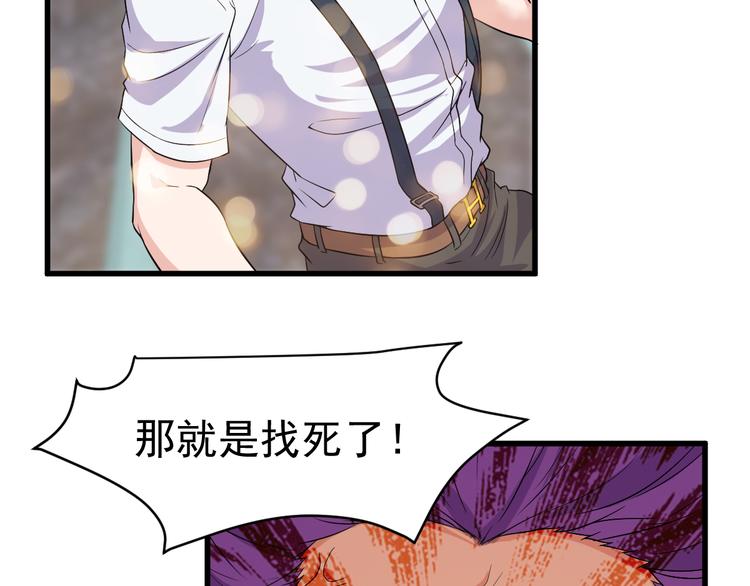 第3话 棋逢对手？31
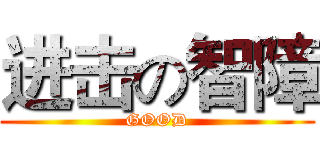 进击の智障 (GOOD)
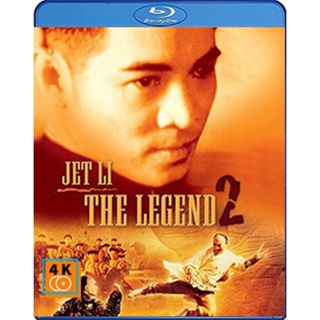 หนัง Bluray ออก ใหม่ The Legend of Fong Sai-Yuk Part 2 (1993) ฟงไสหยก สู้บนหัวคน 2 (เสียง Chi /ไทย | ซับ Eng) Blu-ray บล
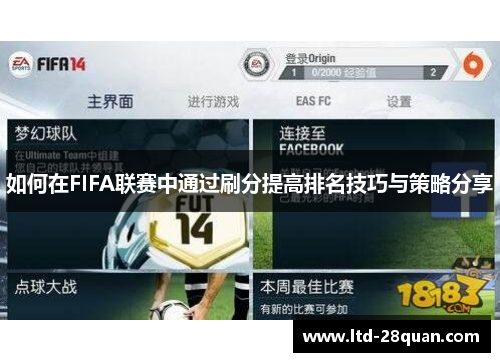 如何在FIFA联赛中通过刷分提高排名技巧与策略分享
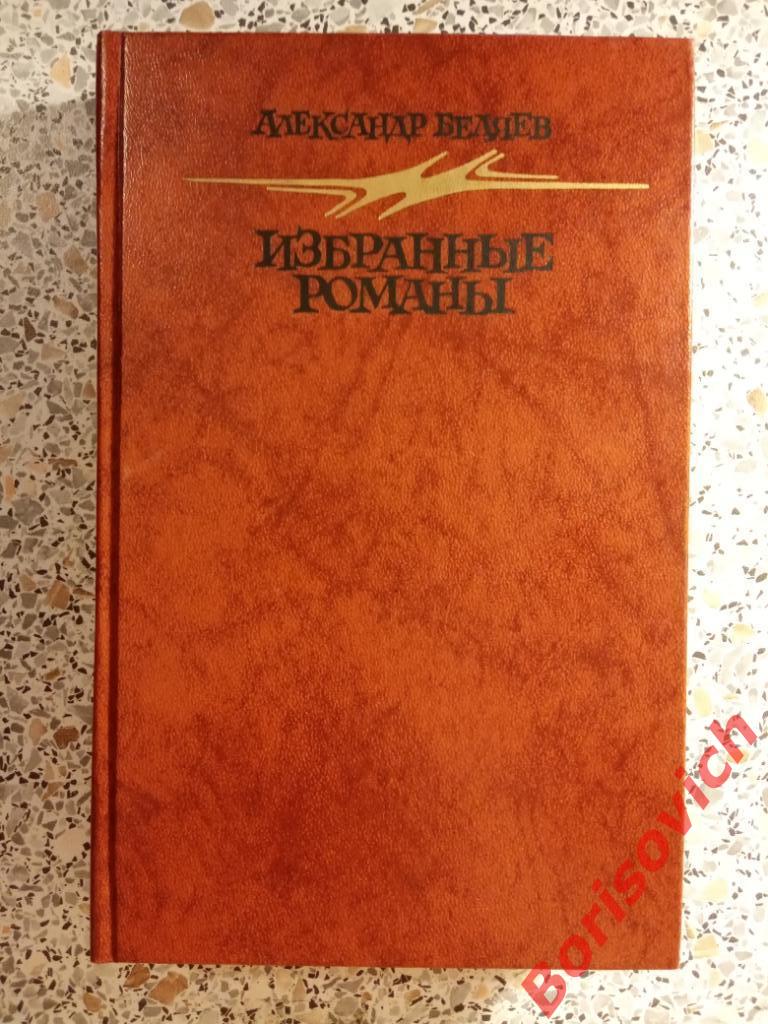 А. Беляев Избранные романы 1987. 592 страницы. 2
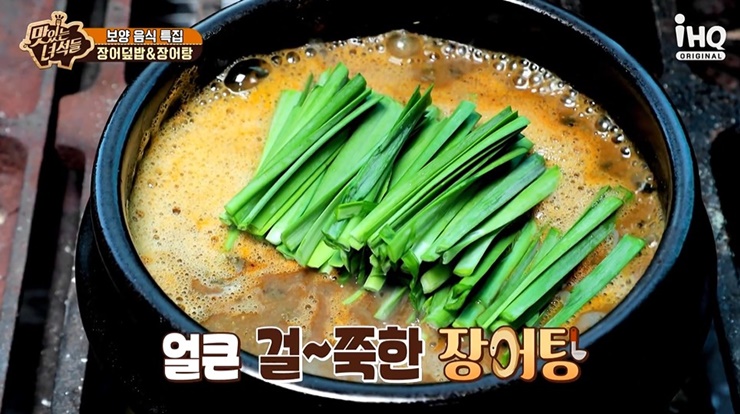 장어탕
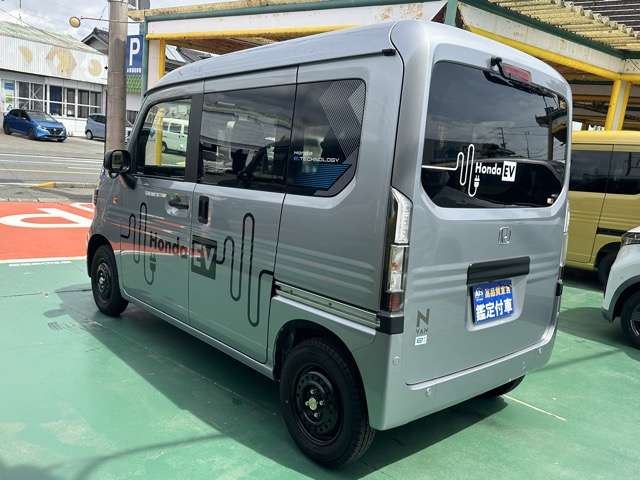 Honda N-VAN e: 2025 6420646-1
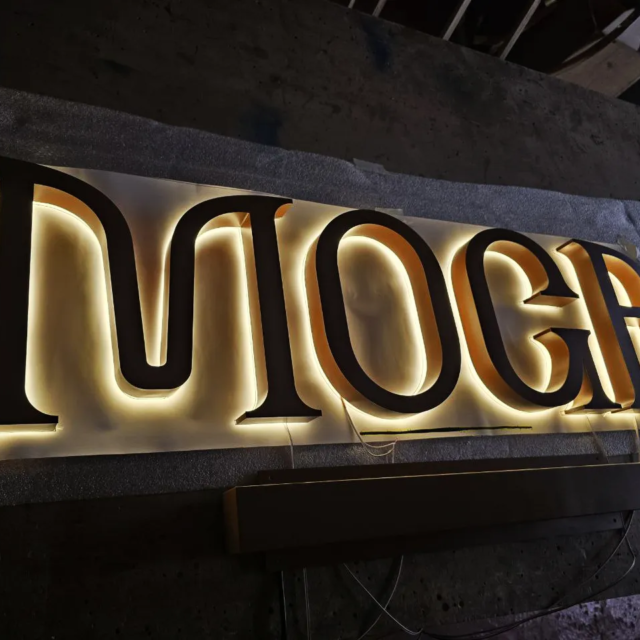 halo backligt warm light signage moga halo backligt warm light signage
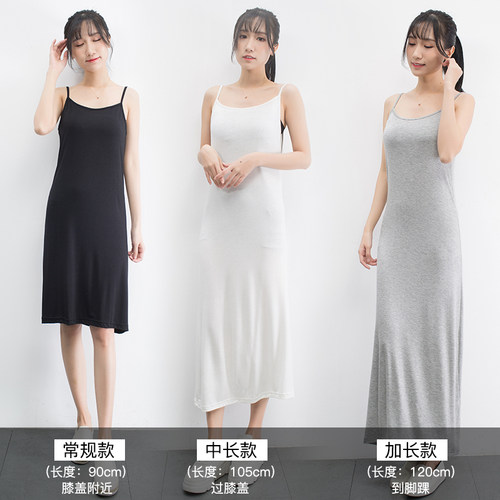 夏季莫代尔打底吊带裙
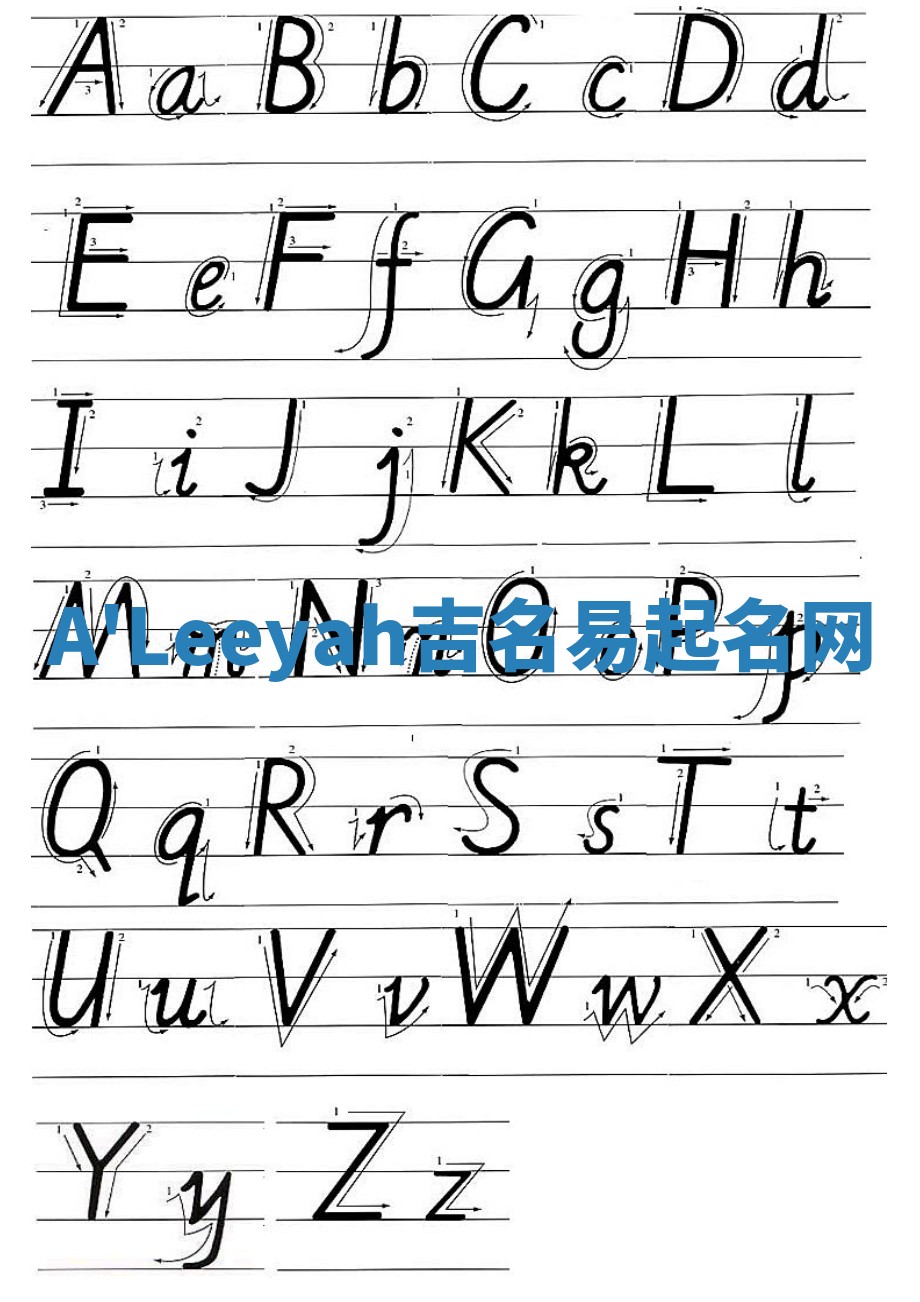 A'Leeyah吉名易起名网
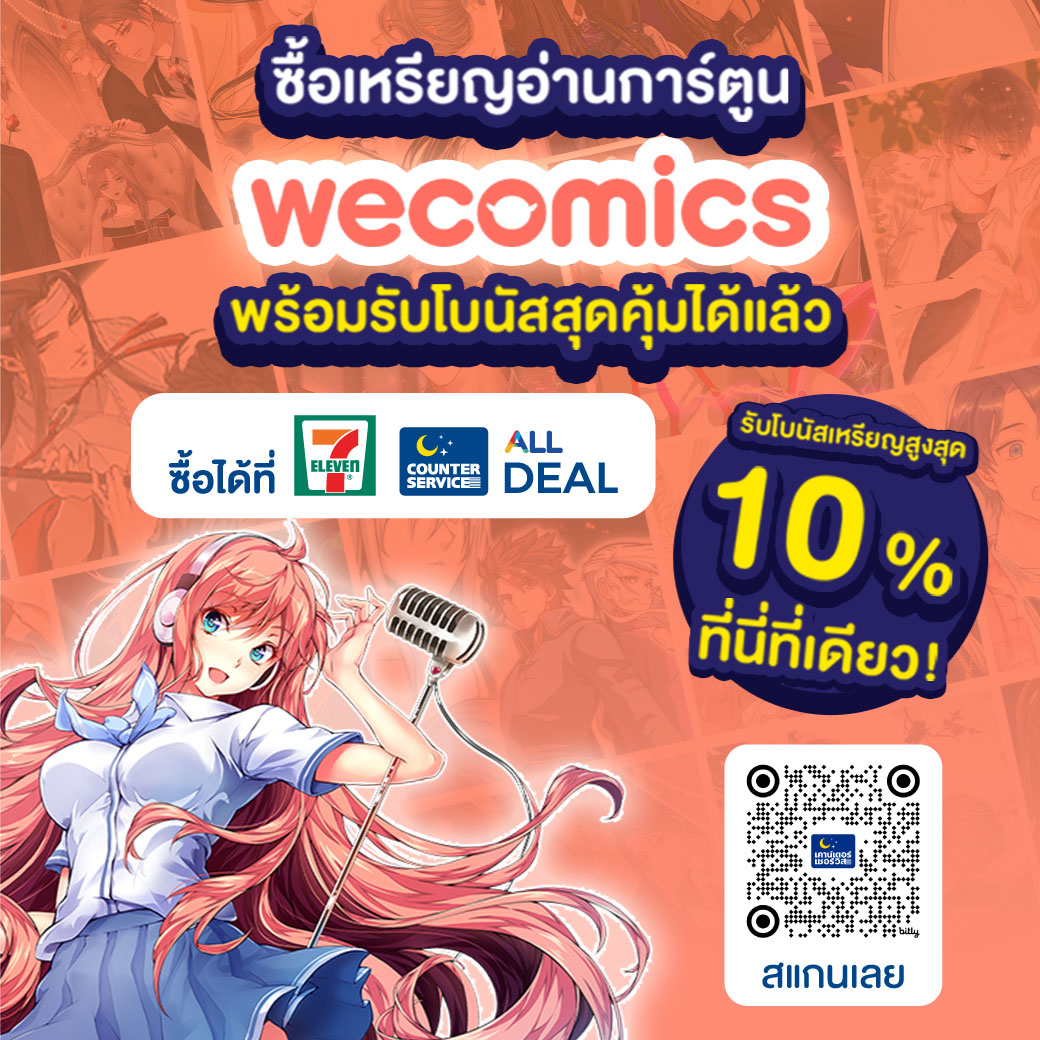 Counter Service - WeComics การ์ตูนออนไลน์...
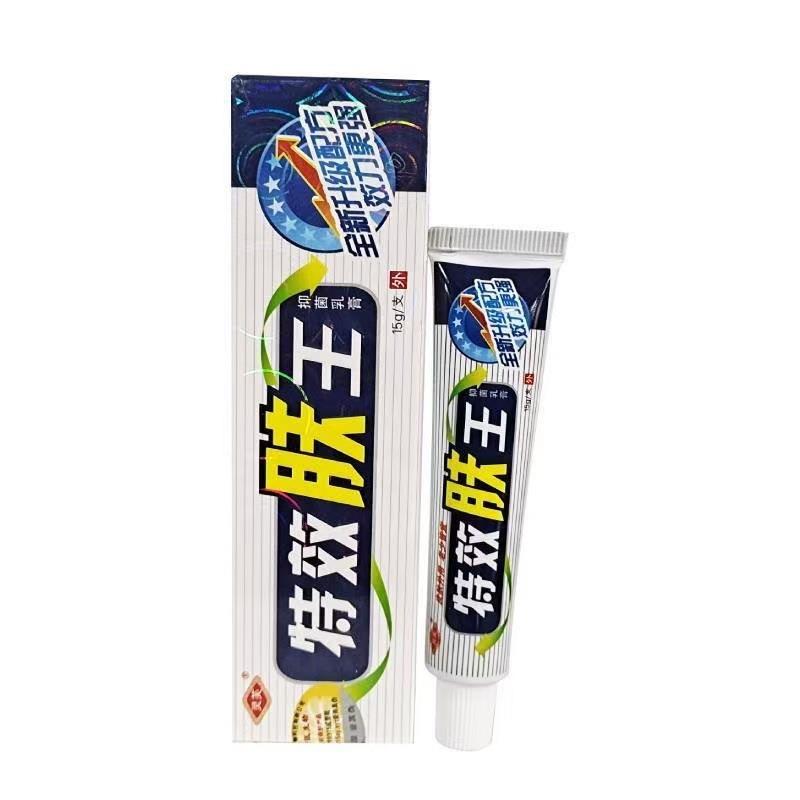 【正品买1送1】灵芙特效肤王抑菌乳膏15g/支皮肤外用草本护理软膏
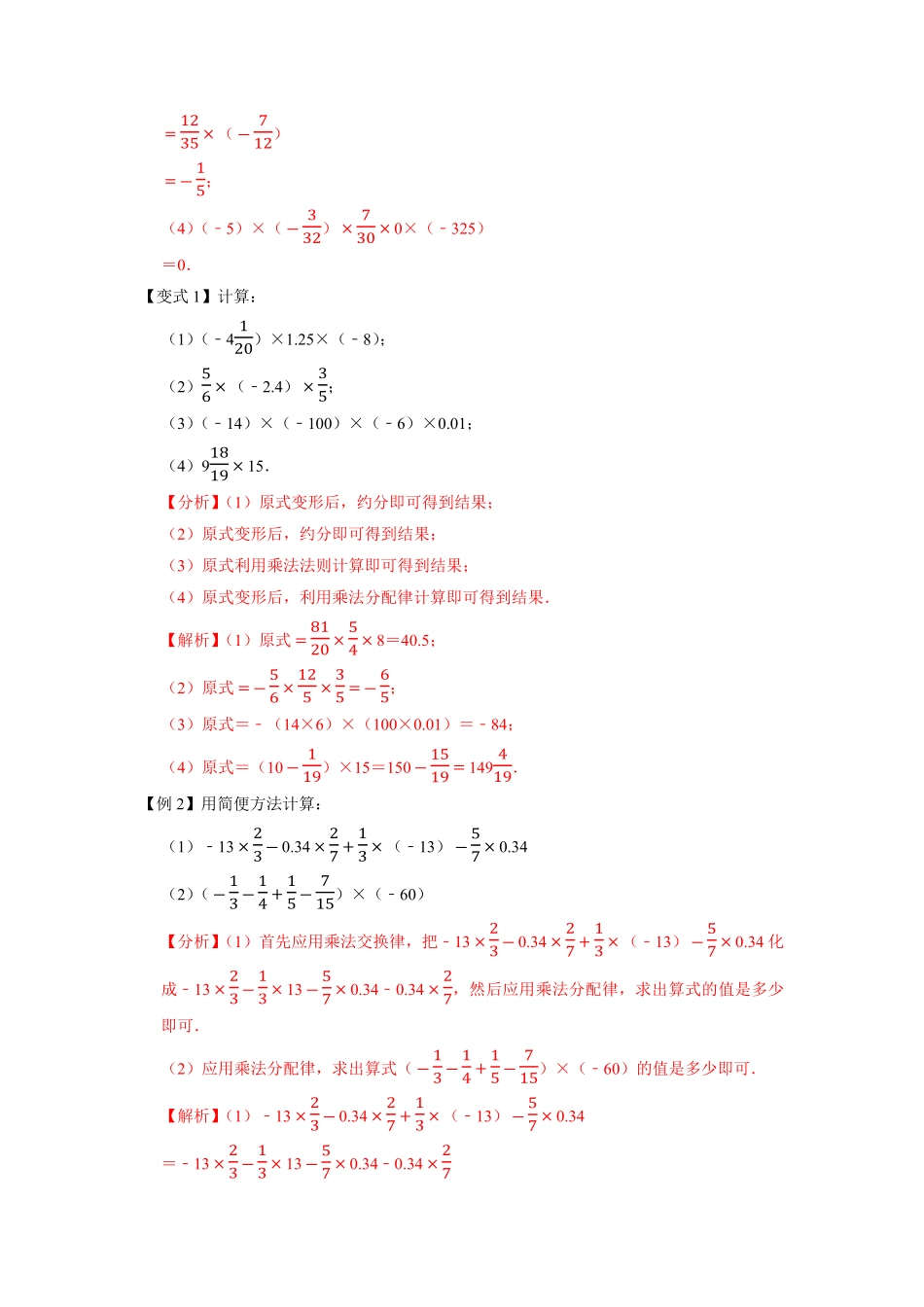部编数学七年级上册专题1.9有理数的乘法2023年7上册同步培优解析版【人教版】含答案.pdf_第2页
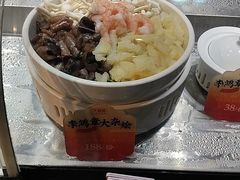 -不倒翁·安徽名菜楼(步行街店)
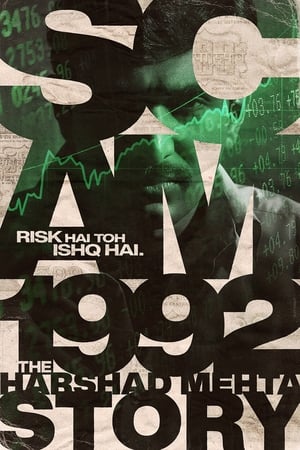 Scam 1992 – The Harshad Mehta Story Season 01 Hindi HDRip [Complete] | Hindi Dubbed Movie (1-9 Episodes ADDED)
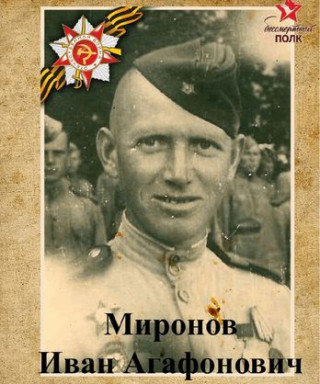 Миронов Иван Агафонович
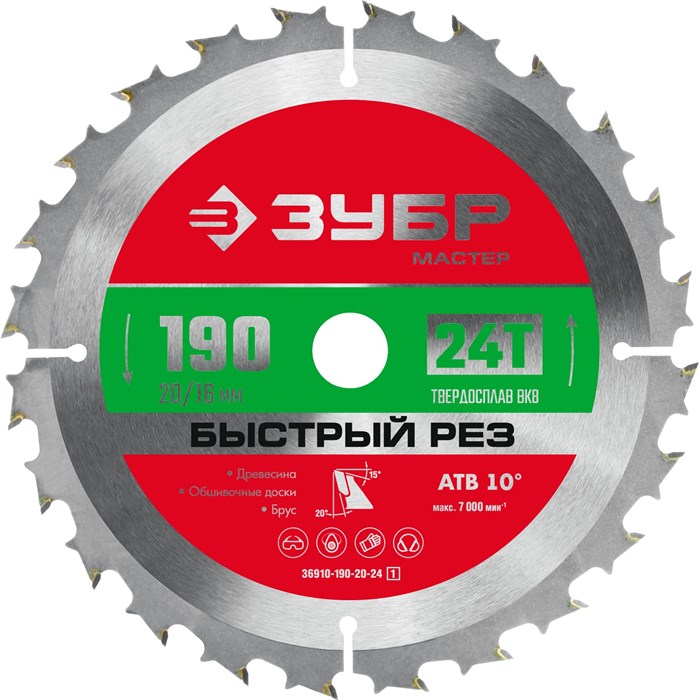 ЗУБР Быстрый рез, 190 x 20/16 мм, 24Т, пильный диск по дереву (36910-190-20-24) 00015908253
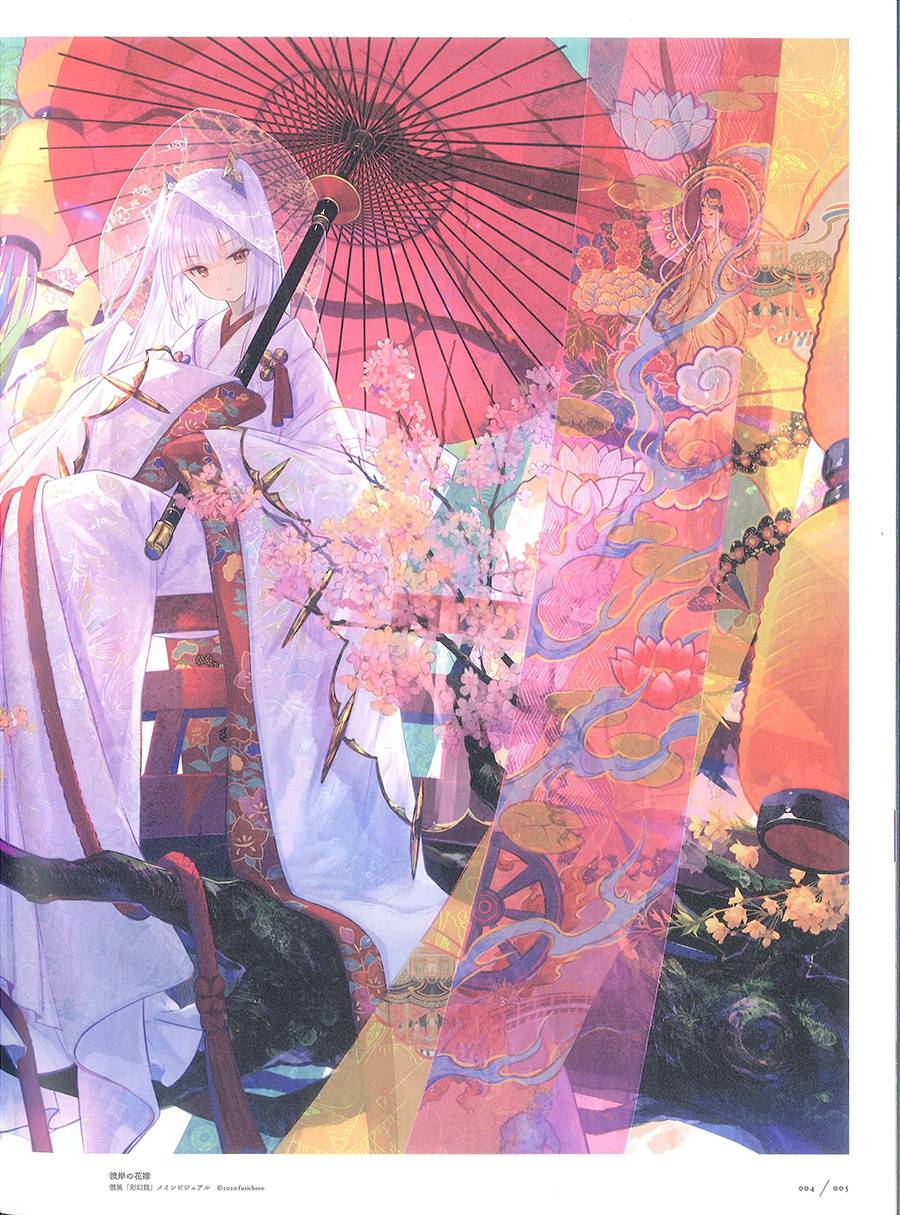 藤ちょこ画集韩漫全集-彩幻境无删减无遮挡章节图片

::::

TASK REQUIREMENTS:
Quote the records above exactly, from the first line through the line containing "Honda N-VAN e: 2025 6420646-1", and leave out the pictures.

YOUR SOLUTION:
 第3话 棋逢对手？31
 进击の智障 (GOOD)
 หนัง Bluray ออก ใหม่ The Legend of Fong Sai-Yuk Part 2 (1993) ฟงไสหยก สู้บนหัวคน 2 (เสียง Chi /ไทย | ซับ Eng) Blu-ray บล
 如何在FIFA联赛中通过刷分提高排名技巧与策略分享
 А. Беляев Избранные романы 1987. 592 страницы. 2
 장어탕
 Honda N-VAN e: 2025 6420646-1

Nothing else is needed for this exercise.